“They’re cheaper than taxidermy and nothing has to die.”
Celebrated artist, John Murphy, has a varied design background, and over the past 10 years has developed “Stupid Creatures” – his own brand of creative sock monsters. From their humble beginnings in a studio apartment, John and his creatures now find themselves with three published books and a new line of plush toys available through Land of Nod.
FPG: Hi Mr. Murphy – Can you tell our readers a bit about your background as a designer?
JM: I’ve been an artist for as long as I can remember, and my skills and interests are skewed towards character design and cartooning. I started counseling at-risk kids about 4 years ago and I hope to never stop. When I’m not busy trying to keep kids out of jail, I make stuffed toys from recycled clothing, I write books about how to make stuffed toys, and I teach classes to people who want to learn those skills. A number of my characters were recently licensed to the children’s toy and furnishings retailer, The Land of Nod (www.landofnod.com), and my third book, Return of the Stupid Sock Creatures (Lark Crafts) has just become available wherever books are sold. I live in the rural wilds west of Charlotte, NC and date a talented makeup artist named Leslie.
FPG: With your training in ceramics and illustration, what brought you to try your hand at textile/knit construction?
JM: Gracious. Cartooning, sculpture and soft toy design all go hand-in-hand for me. The cartooning was with me throughout my life to chronicle my ideas and scores of characters that continuously occur to me. The ceramic sculpture helped me, so to speak, get the monsters out of my head and into bodies of their own. I learned to sew when I discovered I could get the monsters out of me in a way that’s shatterproof, lighter weight and more easily stored and shipped than clay. Working with fabrics and stuffing these days is much more practical, cost effective and energy efficient for me than working with clay. When I get the itch to sculpt instead of sew, I make figurines from polymer clay, so the ceramic skills remain relevant and useful.
FPG: What were your early influences that brought upon creatures and monsters as your muses?
I played with stuffed toys as a kid when most other boys preferred toy cars or weapons or action figures. Since then I’ve been drawn to anything that can be personified or imbued with personalities. My earliest influence was a stuffed bear my mother made from a kit when I was three. I still have that bear on display. I used to make him talk and carry him everywhere with me. I’m drawn these days to such media as comic books, animated features, claymation, British comedies and the work of voice actors. I started sculpting monsters in college rather than literal animals because it bothered me how tightly people clung to the usual and the expected. Artists like Picasso, Tim Burton, Dr. Seuss, Roxanne Swentzel, Bernini and Chris Bachalo are among those who have influenced me the most.

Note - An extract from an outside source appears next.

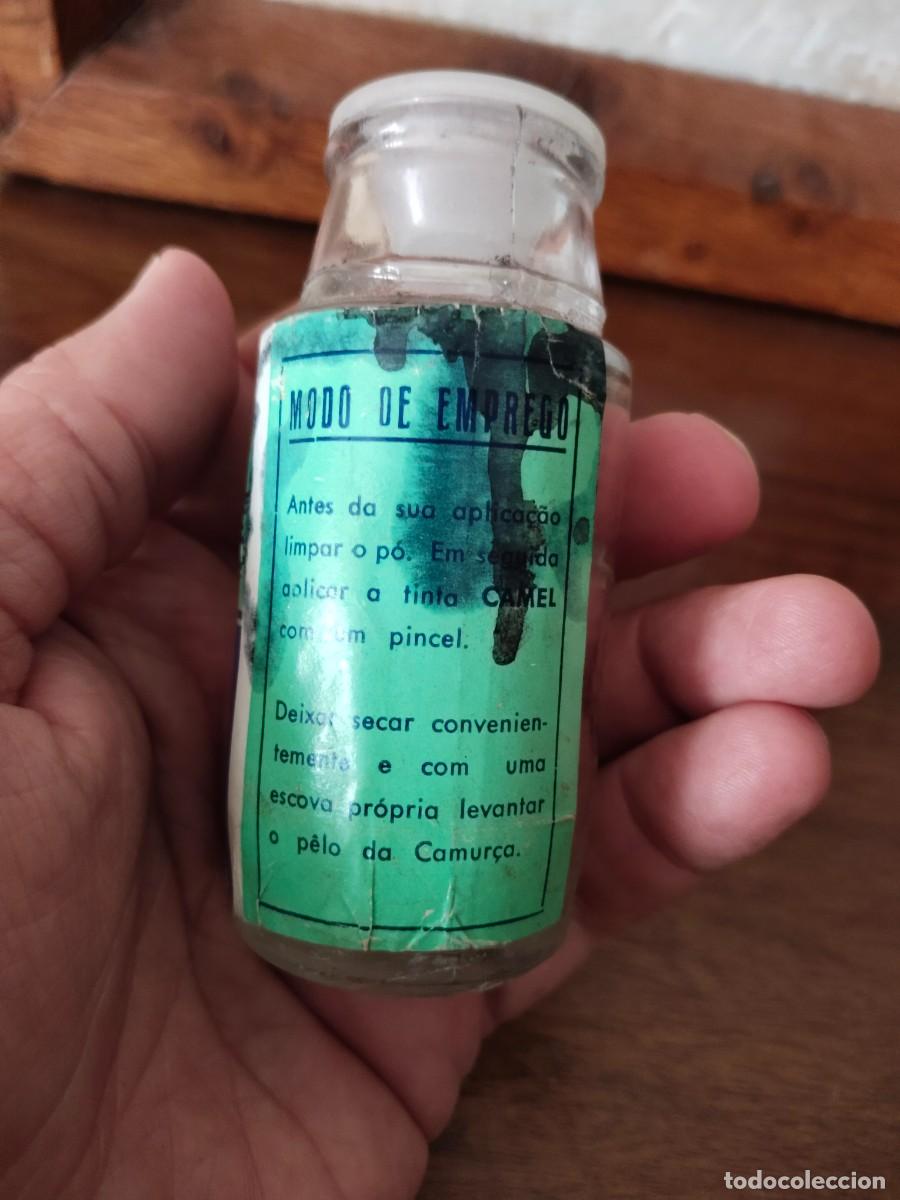 Escriban&iacute;a: Botecito de Tinta Camel. - Foto 7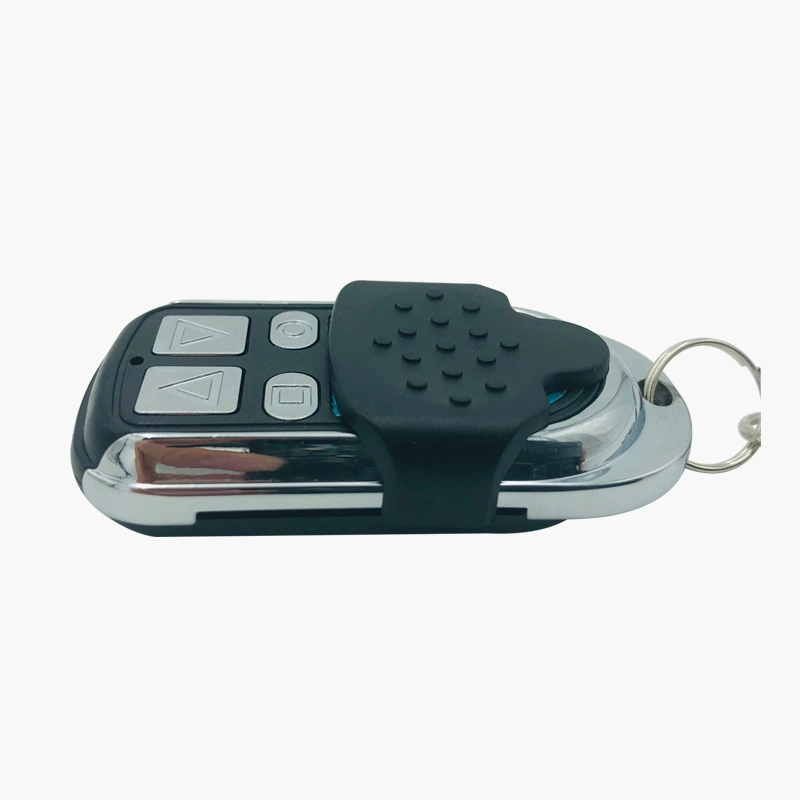 433 MHz RF Transmitter 4-Channel Remote Control Duplicator Cloning Transmitter Garage Door Switches Key for Universal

FPG: As well as being an accomplished artist and creator, you are a youth counselor. Do you have any advice to young artists wishing to follow in your creative footsteps?
JM: Gosh. I have more advice than you likely have time to read. And I’m still learning as I go. I cannot stress enough to young people wanting to live and work as an artist in any discipline the importance of learning the business of the trade you love. Art in its purest, expressive, inventive form must of course be pursued and created. But everything that leaves an artist’s studio has a function or purpose, a materials cost and a target audience. I do not advise slavery to the almighty dollar, but wisdom about the way the economic world breathes and digests so that incredible works can be made by artists who can eat and keep the rent paid. I advise that every artist should take business classes and have plenty of funds saved before attempting to launch.